Ryan Cleary NDP St. John's South—Mount Pearl, NL

Mr. Speaker, I stand in support of the opposition motion, the New Democratic Party motion. I do not usually read out the whole motion when it is a long one, as it takes up precious speaking time, but I will in this case because I find it hard to believe we are actually debating it, that this subject is actually up for debate in the House of Commons.

The motion reads:

That, in the opinion of the House, a standalone covenant of moral, social, legal, and fiduciary obligation exists between the Canadian people and the government to provide equitable financial compensation and support services to past and active members of the Canadian Armed Forces who have been injured, disabled or have died as a result of military service, and to their dependents, which the government is obligated to fulfil.
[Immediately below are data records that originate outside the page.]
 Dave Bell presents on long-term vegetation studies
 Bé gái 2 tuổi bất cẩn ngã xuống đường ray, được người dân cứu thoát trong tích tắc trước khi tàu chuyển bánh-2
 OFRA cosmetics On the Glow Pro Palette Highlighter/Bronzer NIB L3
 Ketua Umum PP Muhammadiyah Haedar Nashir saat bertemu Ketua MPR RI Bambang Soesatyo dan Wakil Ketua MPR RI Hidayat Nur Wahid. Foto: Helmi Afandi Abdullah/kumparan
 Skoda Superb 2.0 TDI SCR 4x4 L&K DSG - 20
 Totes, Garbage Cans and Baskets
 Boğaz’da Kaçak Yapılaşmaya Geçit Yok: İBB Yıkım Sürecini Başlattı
It is hard to believe that we have to dedicate an opposition day, that we have to dedicate a day to debate what should be a no-brainer, what should be common sense, common Canadian sense.

Our veterans stood on guard for us. They stood on guard for Canada. Our veterans stood on guard for democracy. They stood on guard around the world in conflict zones like Iraq, Afghanistan, Bosnia, and Libya. They stood on guard for us in humanitarian missions like Haiti, after the earthquake in January 2010, and in Newfoundland and Labrador, after Hurricane Igor that same year.

Our veterans stood on guard for us, and we must stand on guard for them. That is the essence of the sacred covenant that exists between the Government of Canada and our Armed Forces. Our responsibility, our duty, is to be there for soldiers and veterans in their moment of need, not to abandon them to budget and service cuts. I call that the ultimate insult. Too many give the ultimate sacrifice and the government gives the ultimate insult.

There have been too many examples where the Conservative government has failed to stand on guard for our veterans.

The NDP MP for Sackville—Eastern Shore, Nova Scotia, who just spoke, this party's veterans affairs critic—and an outstanding critic he is—has a quotation on his office door by a U.S. senator, “If you can't afford to take care of your veterans, then don't go to war”.

The Conservative government has not been taking care of our veterans. It was not taking care of our veterans when it closed nine Veterans Affairs offices across Canada, including one in Corner Brook, Newfoundland, my home province.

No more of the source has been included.